The first thing that struck me on re-reading the passage is that Jesus tells the story in response to a lawyer who had asked him what he had to do to inherit eternal life. We’re told that the lawyer was trying to test Jesus. Was this to trip him up? Debating for the sake of it? Or was the lawyer’s concern with himself? ‘How much, or how little, do I have to do to be rewarded?’ Like the prophets, Jesus often emphasised doing the right thing simply because it was the right thing to do. But he answers the lawyer, and the lawyer then asks, ‘who is my neighbour?’ I can imagine Jesus maybe sighing with exasperation at this point.
Anyway, Jesus goes on with the story. The priest and the Levite, commentators tell us, were likely worried that the bandits’ victim might die – avoiding the ritual impurity of a dead body was why they passed by. So on one level their behaviour was understandable, even correct. Perhaps we shouldn’t be too hard on them, just as I, and maybe you, sympathise with the dutiful elder brother of the prodigal son. A lot of Jesus’ stories are like that – there’s more than one way to look at things.

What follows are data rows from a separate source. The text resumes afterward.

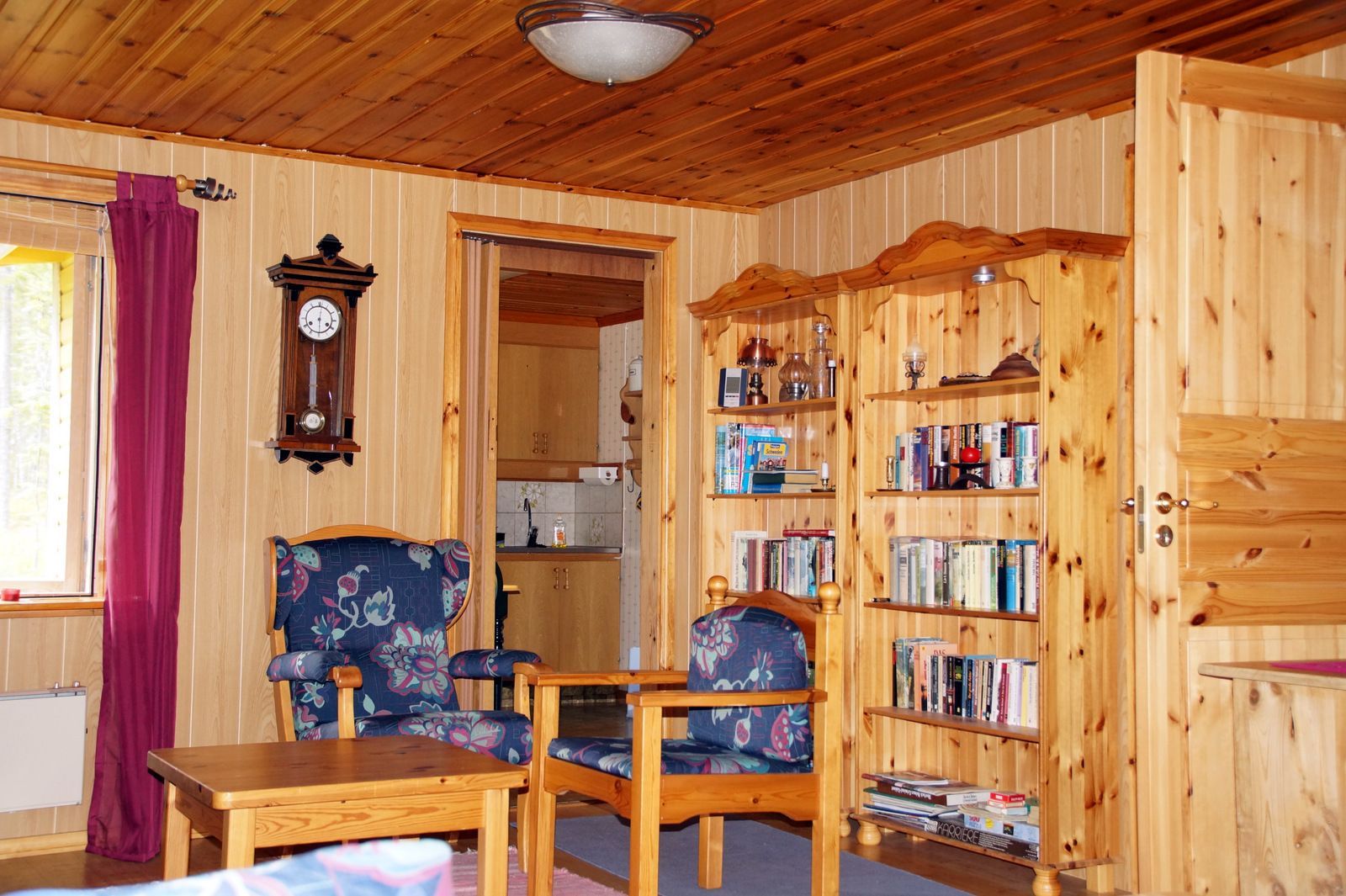 Sommarstuga nära Värmeln – bild 10 av 17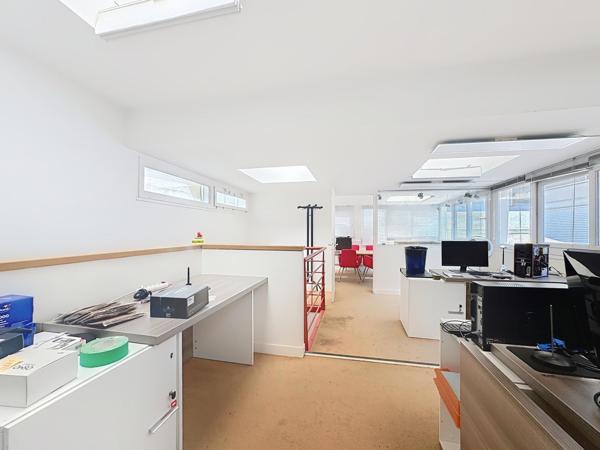 Bureaux spacieux à deux pas du métro Volontaires Paris 15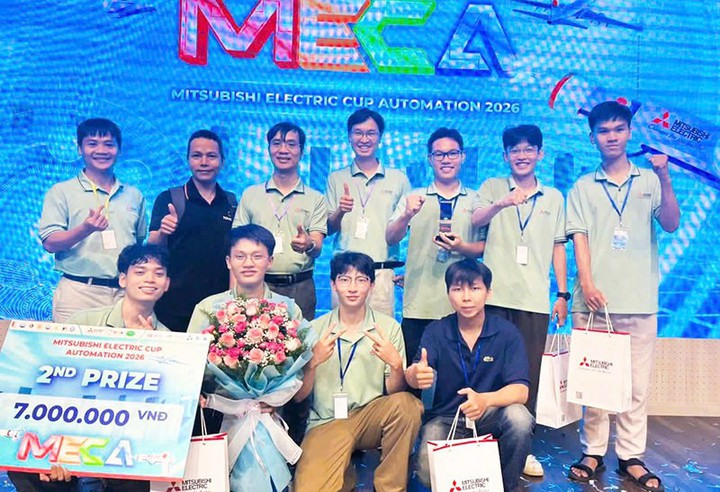 Sinh viên Bách khoa TP. HCM chế tạo hệ thống chiên thực phẩm ứng dụng AI - Ảnh 3.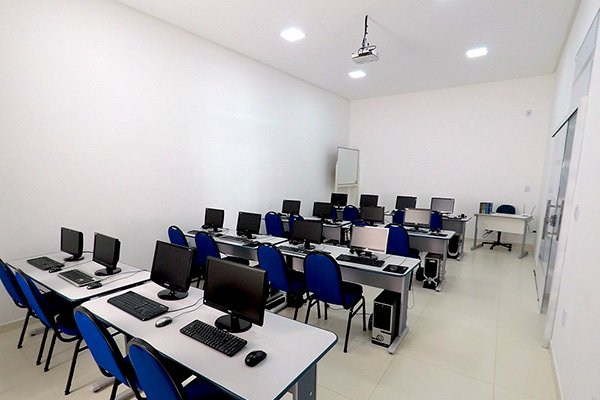 Sala de aula de informática da Insofti em Paramirim BA equipada para cursos profissionalizantes.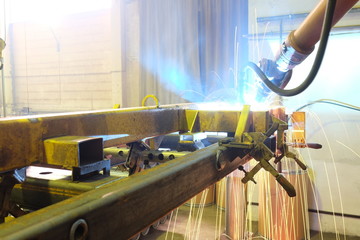 The image of a welding slave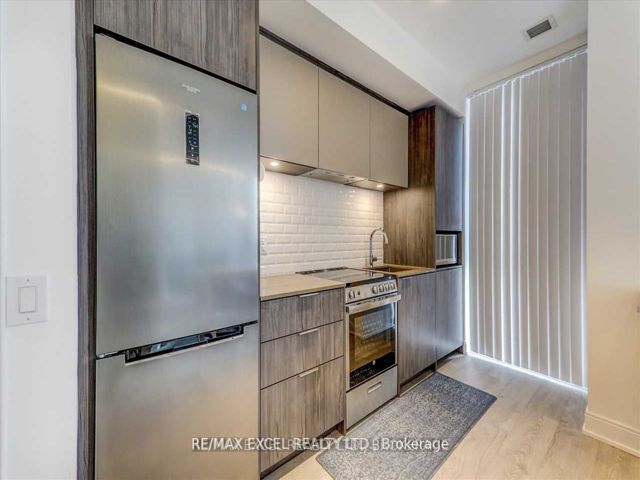 415 - 70 Annie Craig Dr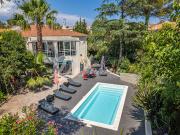 Villa avec piscine et jardin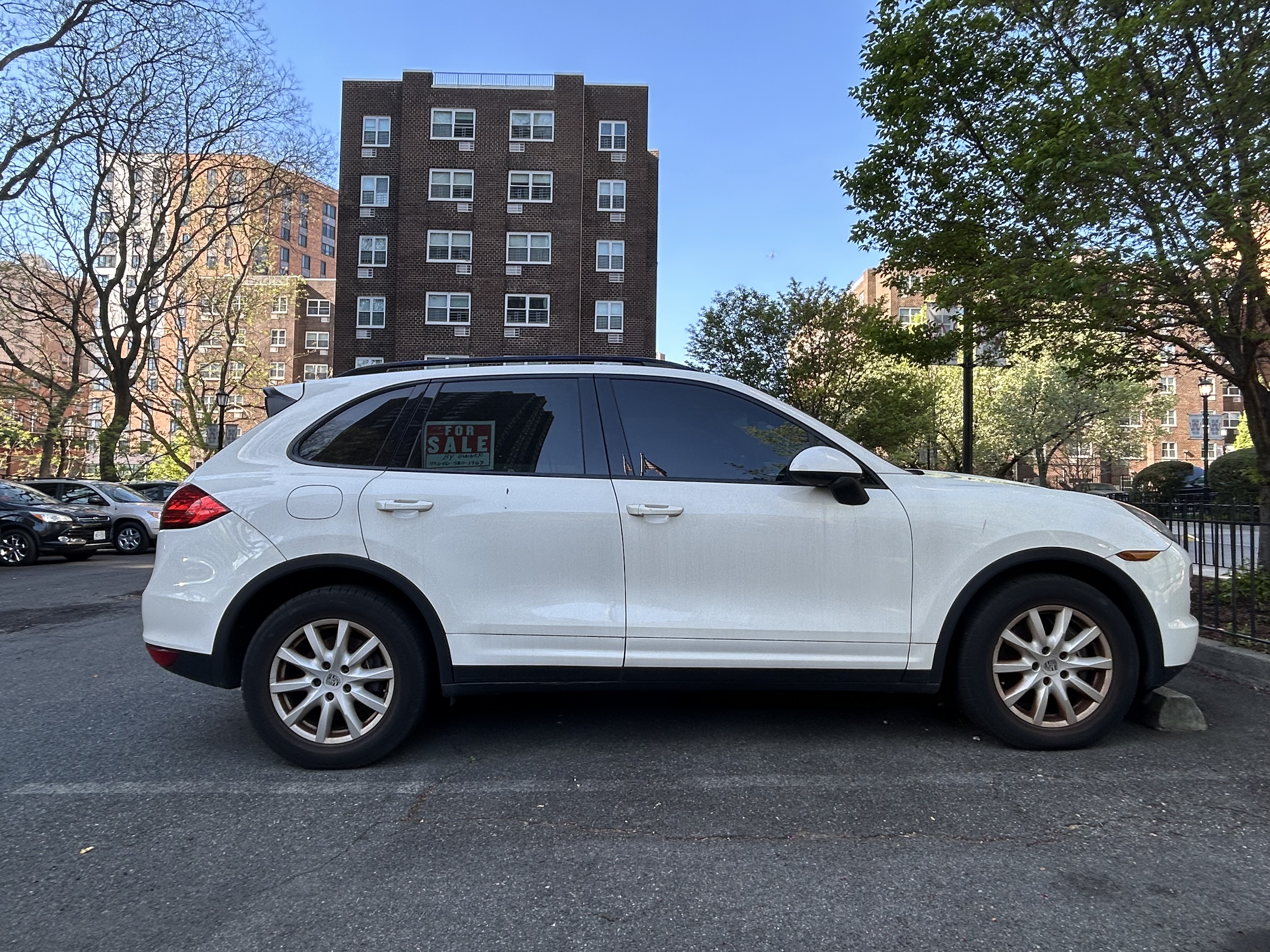 Used 2011 Porsche Cayenne AWD/4WD image 17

As we know, the Samaritan helped the other person – generously, for the money he gave the innkeeper was about two days’ pay. More importantly, the Samaritan crossed all sorts of boundaries in doing so. I wonder what the other person felt on realising that their rescuer was one of the despised. It’s worth noting, too, that Luke places the story shortly after Jesus sent out the 72 disciples. The story of the Good Samaritan — ‘go and do likewise’ – therefore, is directed at all who follow Jesus, not just a too-clever-by-half lawyer.
In his encyclical letter Fratelli Tutti (Brothers and Sisters All—it’s easy to find online), Pope Francis reflected at length on the story. ‘The parable eloquently presents the basic decision we need to make in order to rebuild our wounded world. In the face of so much pain and suffering, our only course is to imitate the Good Samaritan… a community can be rebuilt by men and women who identify with the vulnerability of others, who reject the creation of a society of exclusion, and act instead as neighbours, lifting up and rehabilitating the fallen for the sake of the common good… The decision to include or exclude those lying wounded along the roadside can serve as a criterion for judging every economic, political, social and religious project. Each day we have to decide whether to be Good Samaritans or indifferent bystanders’.